Other notable Bible names of people and places here include: Magog, Assyria, Nineveh, the Philistines, the Amorites, the Jebusites and Sodom and Gomorrah.
With only 8 people surviving the flood, of course there was only one spoken language at the time. This undoubtedly made communication easy and society began to move rapidly forward. They found a great place to live “…a plain in the land of Shinar…” (v. 2) that surely met all their needs for food, water and safety. Over time, technology advanced to the point where they learned how to use bricks and mortar for building structures.
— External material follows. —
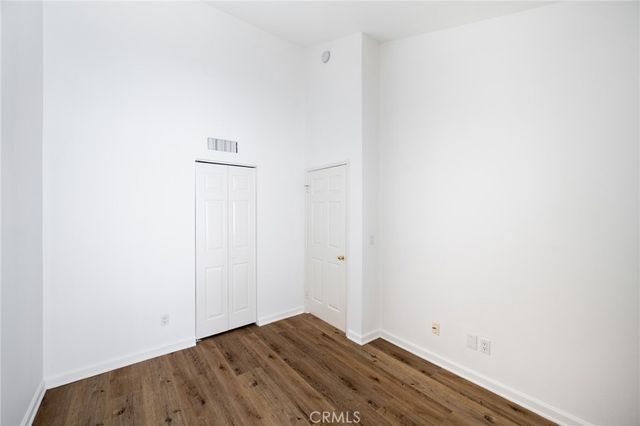 a view of room with wooden floor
On one occasion, they decided to build a tower “…whose top is in the heavens…” in order to “…make a name for ourselves, lest we be scattered abroad over the face of the whole earth” (v. 4). This was clearly an attempt to achieve human greatness, motivated by pride and arrogance in their abilities.
The Lord came down to see what was happening and was displeased with this effort. We read that because the people were all of one language, “…now nothing that they propose to do will be withheld from them” (v. 6). So in order to slow the pace of development and to silence man’s arrogance, God confused the languages of all the people so that they did not understand one another’s speech. The result is that people did begin to spread to other locations in the world.
Although it seems like a one-off incident in the Bible, what happened at Babel cannot be understated. It was at this moment that all languages, culture, values and people groups began to develop. The diversity we see in our world today, traces its roots to this incident. And once again it shows God’s sovereignty over mankind.
Chapter 11 wraps up with another genealogy, this time of Shem’s descendants. One notable point here is the decreasing length of lifespans.
The genealogy ends here with a man named Terah (who had three sons, Abram, Nahor and Haran) who leaves his homeland of Ur of the Chaldeans to resettle in Canaan. They make it as far as Haran where Terah dies after some time.
Questions to Consider: God’s promises are true and binding. They will never be broken. When he says he is going to do something, he will do it. What promises of God are you holding on to today? How have you seen God’s faithfulness in your life? How do you think Noah’s view of God changed having lived through the flood? Similarly, how have life events shaped your view of God?